Good judges, denying gags

By Ashley Gauthier

Gag orders may sometimes seem like an inevitable part of a reporter's life. In hundreds of cases -- high profile or not -- judges routinely issue gag orders in the name of "preserving a fair trial" or "ensuring an untainted jury pool." In fact, a computer search turned up hundreds of cases in which gag orders were issued, but in about 25 instances judges denied a request to gag the participants.

Usually, judges issue gag orders because a criminal defendant has a Sixth Amendment right to a fair trial and the judge fears that pre-trial publicity will jeopardize that right. However, gag orders should be imposed only when there is a compelling reason -- such as when the right to a fair trial is imminently threatened -- and when no less restrictive means could prevent harm. A judge has many less restrictive alternatives to choose from, including extensive voir dire, changes of venue and admonishments to the jury to stay away from news reports. Nevertheless, many judges choose to impose gag orders.

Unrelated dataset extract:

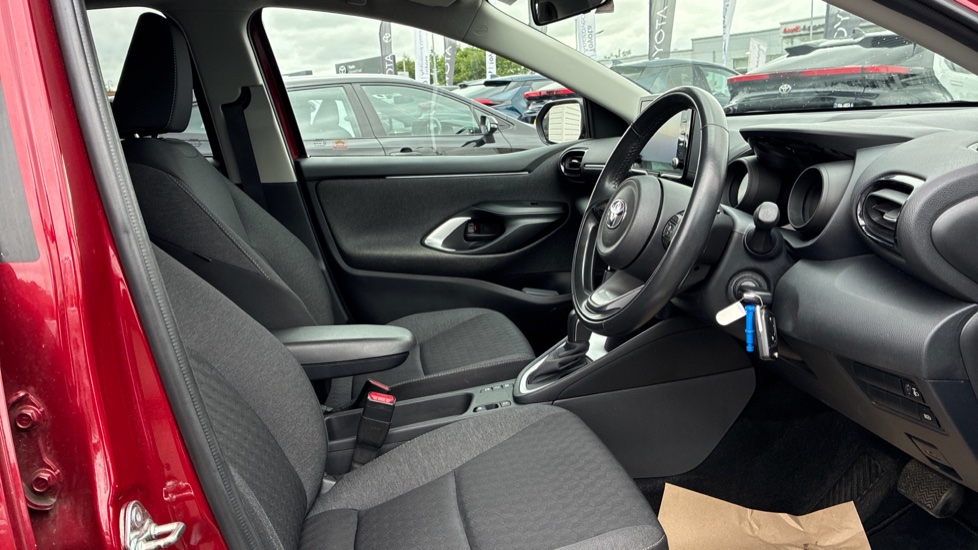 Toyota Yaris 1.5 Hybrid Design 5dr CVT Hybrid Hatchback - Image 12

Judges in at least eight states have diverged from the common practice of issuing gag orders. The small number of them make the decisions of these members of the bench noteworthy.

The largest number of gag order denials found in our search was from Florida.

The most recent example involved Kathie Lee Gifford's lawsuit against the National Examiner. The Examiner claimed that Gifford's 10-year old son was a "monster," and Gifford sued for libel.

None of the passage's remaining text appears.